Jumlah anak punk di Indonesia memang tidak banyak, tapi ketika mereka turun ke jalanan, setiap mata tertarik untuk melirik gaya rambutnya yang Mohawk dengan warna-warna terang dan mencolok. Belum lagi atribut rantai yang tergantung di saku celana, sepatu boot, kaos hitam, jaket kulit penuh badge atau peniti, serta gelang berbahan kulit dan besi seperti paku yang terdapat di sekelilingnya yang menghiasi pergelangan tangannya menjadi bagian yang tak terpisahkan dari busana mereka.
Begitu juga dengan celana jeans super ketat yang dipadukan dengan baju lusuh, membuat image yang buruk terhadap anak punk yang anti sosial.
Anak punk, mereka kebanyakan di masyarakat biasanya dianggap sebagai sampah masyarakat. Tetapi yang sebenarnya, mereka sama dengan anak-anak lain yang ingin mencari kebebasan.
Di Mojokerto, tempat anak muda dengan berpakaian nyentrik ini pun banyak. Contohnya adalah perempatan Sooko, perempatan Jl Kenanten serta perempatan Jl Jayanegara. Umumnya, remaja yang rata-rata berusia belasan tahun ini berkumpul dengan sesama komunitasnya.
Seperti itulah yang sehari-hari dilakukan oleh lima pemuda punk yang kemarin sempat terjaring razia Dinas Sosial Kabupaten Mojokerto. Meski terjaring razia, kelima pemuda ini tampak tenang, seolah-olah, razia adalah hal yang biasa mereka hadapi setiap harinya.

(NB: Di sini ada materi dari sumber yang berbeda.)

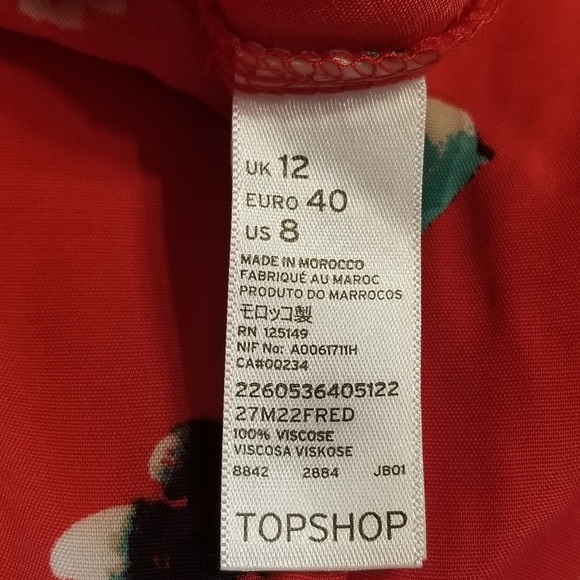 TOPSHOP Spring Skirt - True Red Floral - Picture 8 of 8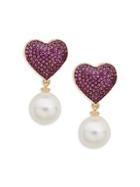 Gabi Rielle Mother-of-pearl & Cubic Zirconia Drop Earrings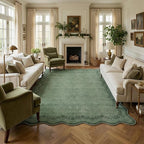 GarveeHome 6x9 Scalloped Area Rug Soft Washable Rug by GarveeHome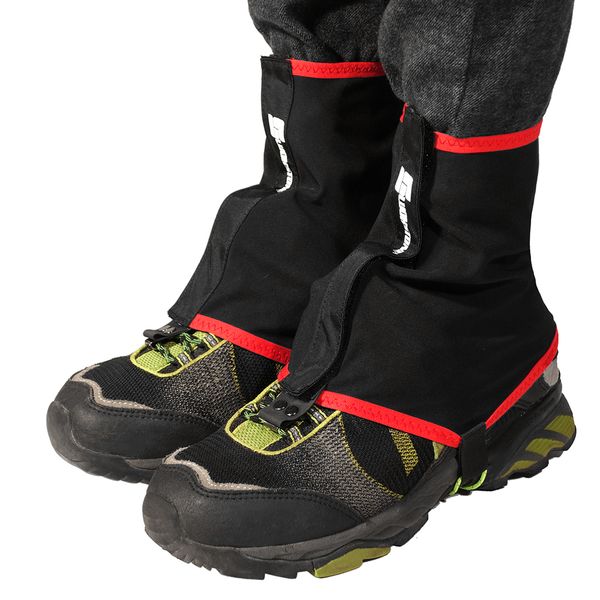

1 pair of gaiters outdoor sports running trail gaiters protective shoe covers nylon for cycling running mountaineering, Black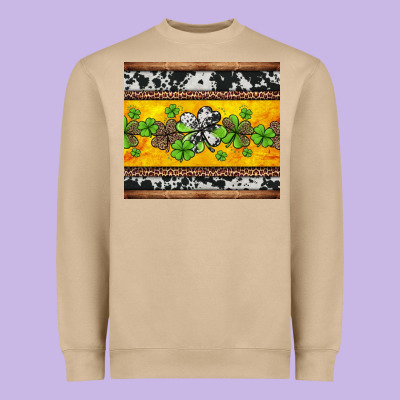St Patricks Day Western Shamrock Heavyweight Sweatshirt Designed By Jasminsmagicworld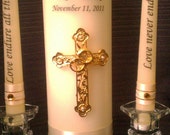 Gold Cross Unity candle set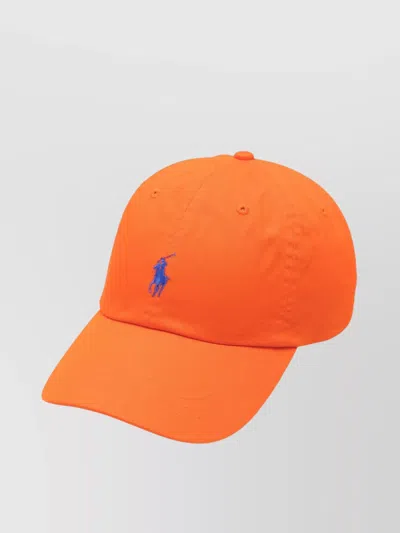 Ralph Lauren Polo Pony Cotton Baseball Cap In Orange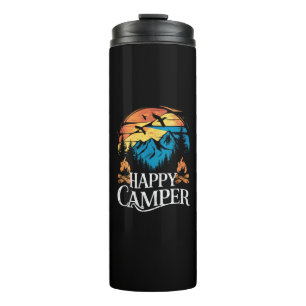 Garrafa Térmica Camping Feliz Retrô Vintage Equipe de Acampamento 
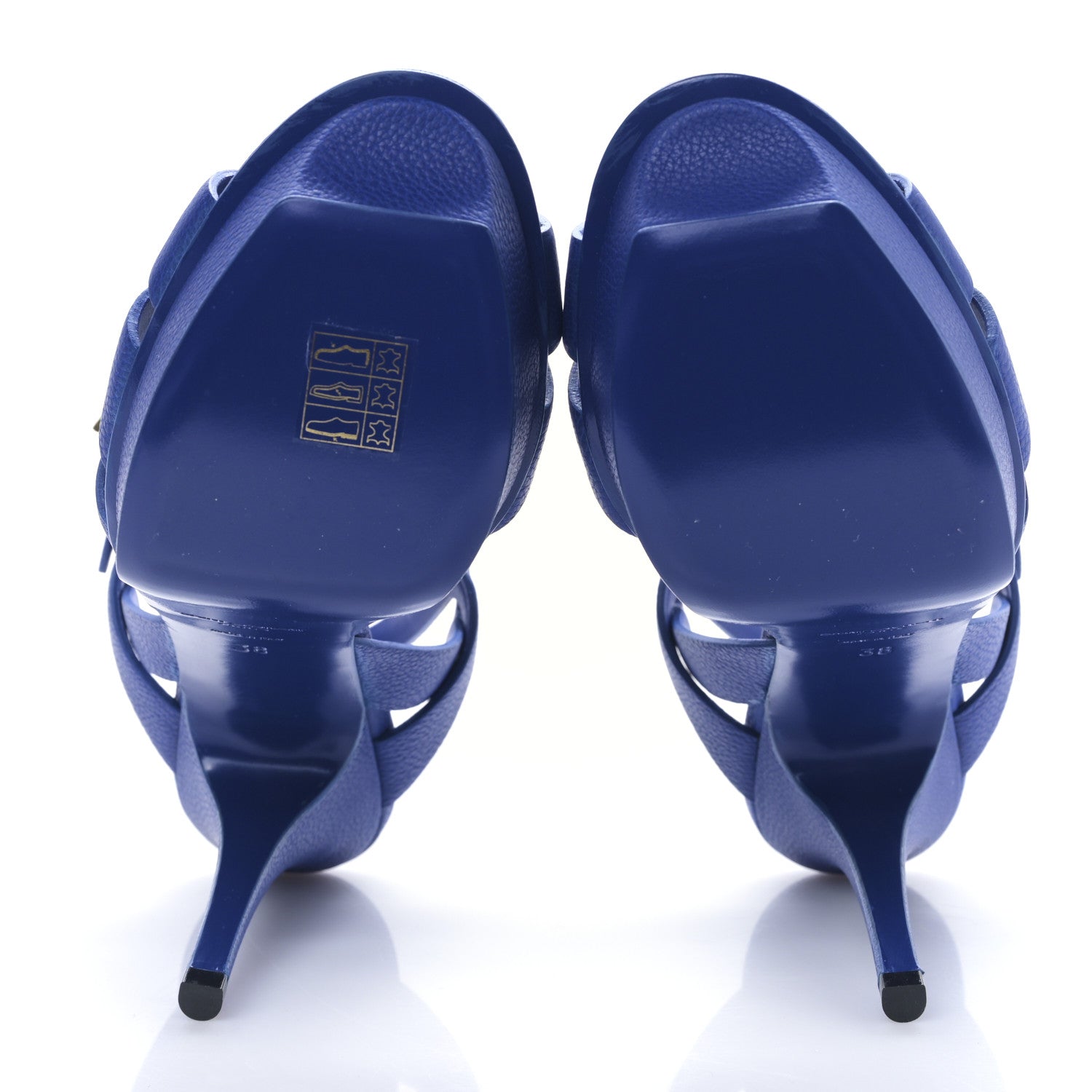 Saint Laurent Grained Calfskin Tribute 75 Platform Sandals 38 Outremer 5 of 9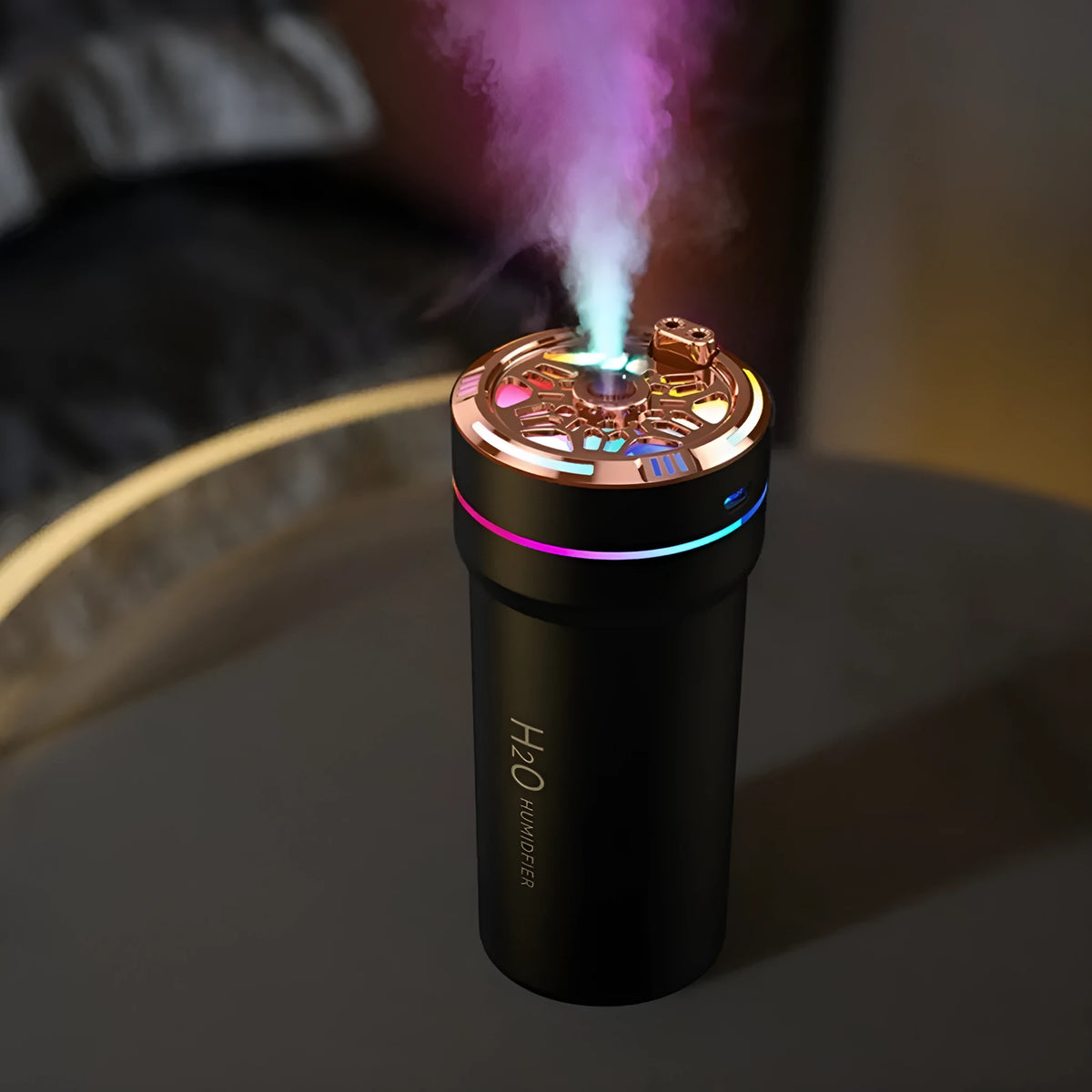 Mini USB car humidifier with starry sky projection light, plastic body, 0.5-1L tank, white black or khaki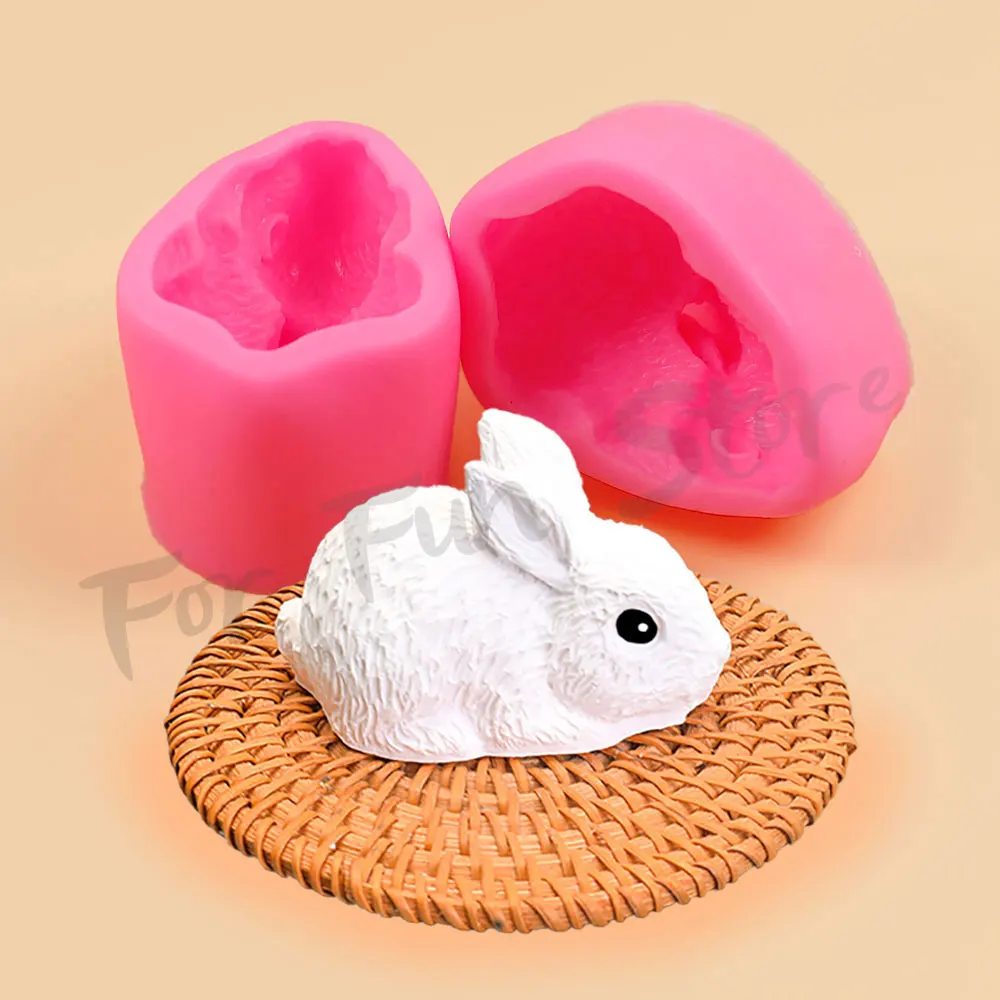 For Fun DIY 3D Rabbit Car Mounted Aromatherapy Gypsum Candle Silicone Molds Handmade Soap Resin Mold Flipping Sugar Baking Molds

Duduk di sebuah sudut ruangan, kelima pemuda punk beraliran street punk tampak menikmati sebatang rokok sambil bersenda gurau dengan temannya.
Memang tidak mudah mendekati kelima pemuda dengan gaya bebas mereka. Termasuk saat Radar Mojokerto berusaha melakukan wawancara. Kesan tertutup sangat kentara diperlihatkan kelimanya. Hal ini sangatlah wajar mengingat mereka hanya bergaul dengan sesama komunitasnya.
Setelah melakukan pendekatan, kelimanya akhirnya mau dilakukan wawancara. Suasana hangat pun mulai terasa saat salah satu pemuda mulai bercerita tentang kehidupan punk.
Muhammad Arif, salah satu anggota komunitas punk mengatakan, pemuda punk tidaklah memiliki tempat tinggal. ’’Kami memang selalu berpindah-pindah tempat dari satu kota ke kota yang lainnya,’’ terang pemuda berusia 19 tahun ini.
Dengan menumpang truk dan mobil pikap, anggota punk selalu berpindah dari satu kota ke kota lainnya. ’’Dalam satu kota biasanya tiga sampai lima hari, tergantung apa sudah bosan atau tidak,’’ tutur Arif.
Ia mengatakan, didalam komunitas punk yang ada hanyalah kebebasan tanpa ada perasaan tertekan. ’’Kami tidak suka mengganggu terhadap warga lainnya, ya intinya kami tidak akan membuat gara-gara, tapi kami juga tidak mau diganggu,’’ terang Arif.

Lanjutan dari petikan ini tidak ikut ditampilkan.